Ich stehe im Supermarkt
meines Heimatortes. Ein Mann kommt herein. Mein Vater, der neben mir steht,
ruft dem Mann zu, ob er morgen schlachten würde. Daraufhin grinst der Mann
meinen Vater nickend an. Und ich muss mich auf dem Kassenband übergeben.
Ich bin kein Weltverbesserer.
Wirklich nicht. Dafür trenne ich den Müll nicht gut genug und ich fliege auch
zu viel durch die Gegend. Weil ich es liebe zu reisen. Da ich allerdings kein
Auto habe, mit dem ich die Luft verpesten kann, bin ich auf öffentliche
Verkehrsmittel angewiesen und hoffe insgeheim, dass ich den Hang zum Fliegen
dadurch ein bisschen ausgleichen kann.
Nein, ich bin keiner. Dafür
bin ich auch oft zu egoistisch. Aber ich versuche immer mehr, meinen Teil dazu
beizutragen. Das war ein langer Weg. Lange Zeit war ich Schlüsselkind, meine
Nachmittage bestanden darin, stundenlang Bekloppten-TV zu schauen und
Fertigpackungen zu mampfen. Wären im Topf noch Reste der Verpackung gewesen,
ich hätte es wohl kaum gemerkt. Mein unfassbar nahrhaftes Mittagessen krönte
ich dann mit Unmengen an Schokolade. Irgendwie schade, dass ich nie den
genetischen Hang zum Übergewicht hatte, besser wäre das mal gewesen.
Und heute? Die Sucht nach der
Schokolade ist bestehen geblieben. Nur glaube ich, dass ich sie weniger in mich
stopfe, als zumindest versuche, sie zu genießen. Mit dem Alter habe ich einen
latenten Hang zum Wein entwickelt. Aber auch diesen schütte ich nur manchmal
unbedacht in mich hinein, er ist eher ein treuer Wegbegleiter geworden – beim
Kochen, beim Essen, beim gemütlichen Zusammensitzen. Ansonsten habe ich eine
ziemlich gute Drehung hingelegt und ich bin fast schon ein bisschen stolz, dass
die von selbst gekommen ist und nicht – wie bei einigen, die ich kenne – im
Zuge einer Midlife-Crisis Ende 40, gepaart mit diversen körperlichen
Erkrankungen. Sie kam freiwillig, ohne Zwang. Das ist doch was.
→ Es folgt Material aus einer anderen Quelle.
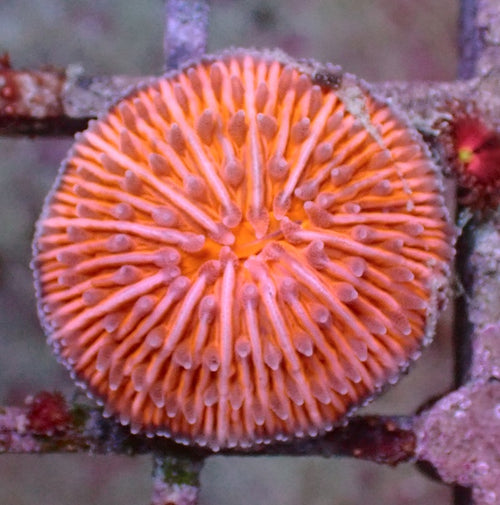 WYSIWYG 329 Fluoro Orange Fungia Plate Coral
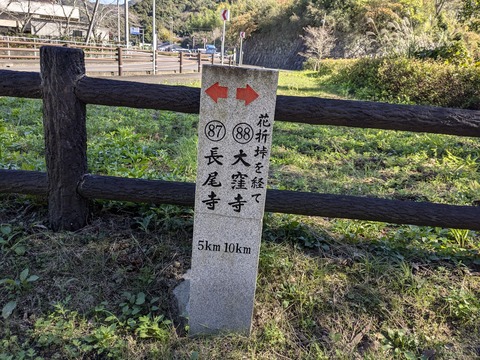 PXL_20241109_032133774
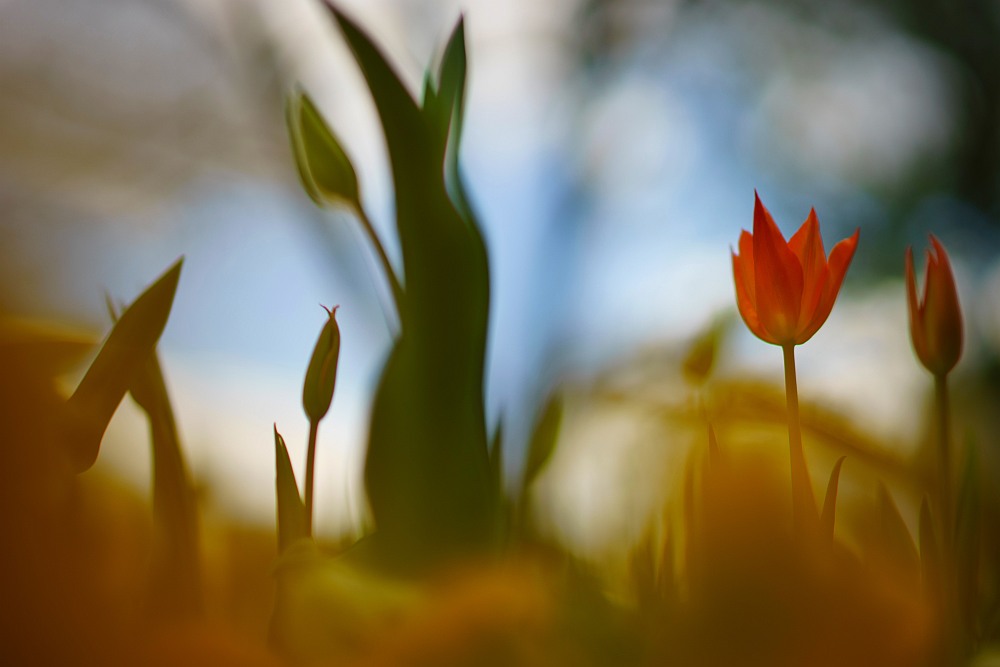 blurred flowers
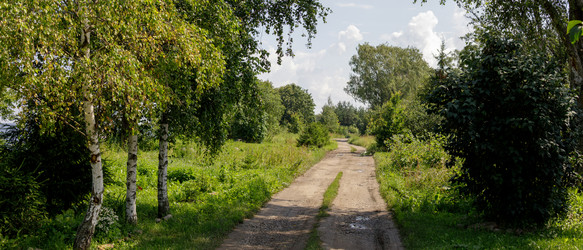 Similar image 22683353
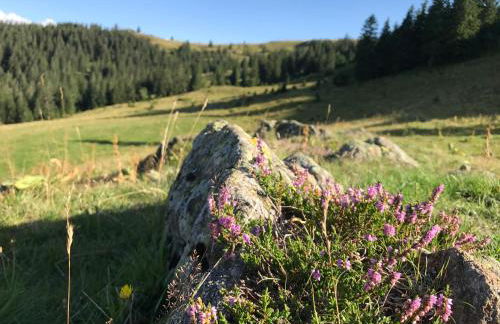 Ferienhaus Robin - Foto 55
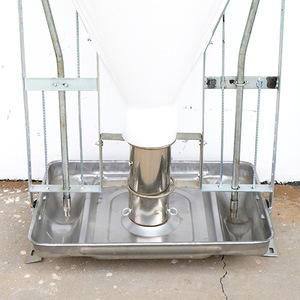 Mangeoire automatique pour porcs (sèche et humide) pour porcelets et porcs d'engraissement, prix usine, équipement d'élevage pour poulaillers et enclos de maternité - Product Image 5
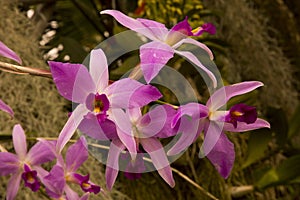 The Orchid Laelia Laelia anceps.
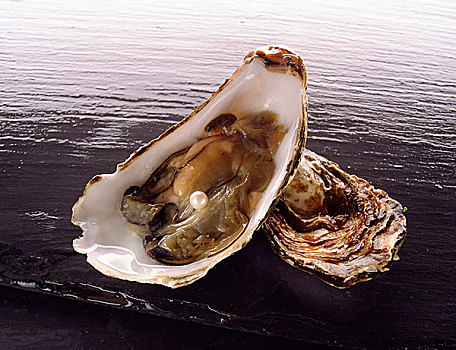 牡蛎,珍珠,奢华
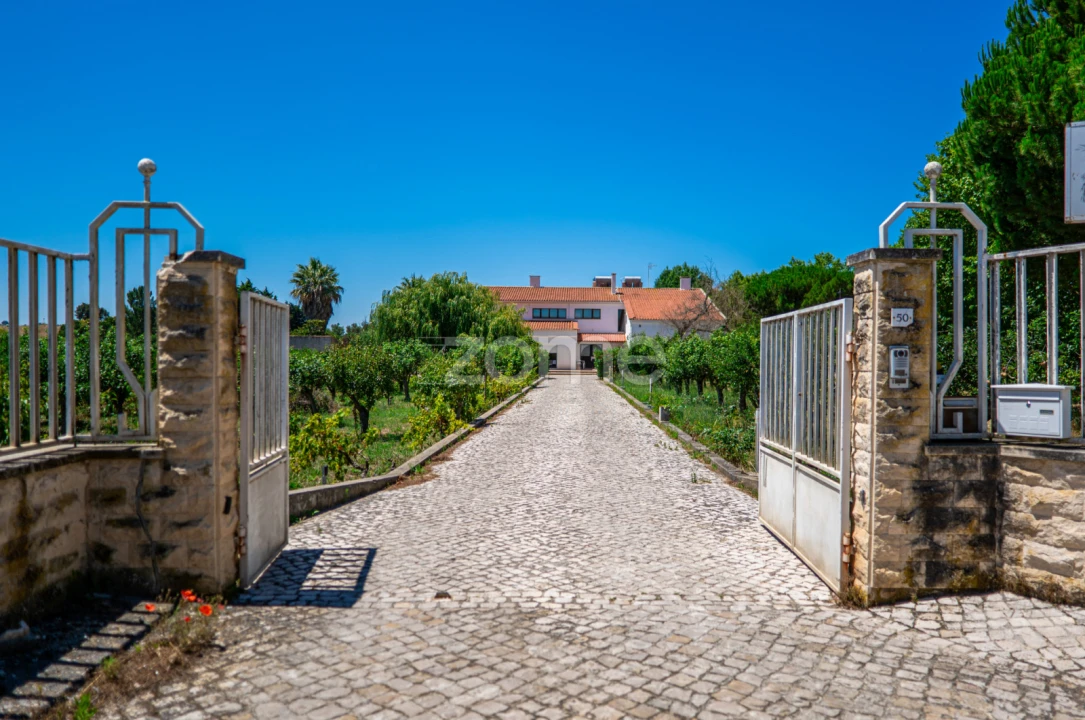 Quinta T17 para Venda em Abrigada e Cabanas de Torres Foto 19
Irgendwann hatte ich einfach gecheckt,
dass Fertigpackungen teurer sind, als alles frisch zuzubereiten. Dann habe ich
angefangen, die Inhaltsstoffe zu lesen, und mir wurde immer öfter schlecht. Ich
habe einen ganz tollen Spruch gelesen, der mich fast täglich begleitet, und
dieser heißt: „Alles, was du auf der Zutatenliste liest und nicht verstehst,
versteht dein Körper auch nicht.“ Einfach und doch so genial. Wieso sollte ich
meinem TEMPEL etwas hinzufügen, mit dem er nicht weiß, wie er umgehen soll? Bei
Schoki ist das natürlich etwas anderes, die wird im Winter als Wärmereserven
angelegt – super praktisch – und im Sommer ohne Umwege ausgeschieden. Ganz
einfach!
Und sonst? Seit Mai esse ich
kein Fleisch mehr. Und es ist nicht so, dass ich es nicht vermisse. Mein Opa
war Metzger, mein Papa ist ein Fleischfan und ein Teil meiner Familie
schlachtet bis heute. Also ja, ich bin praktisch mit Fleisch groß geworden.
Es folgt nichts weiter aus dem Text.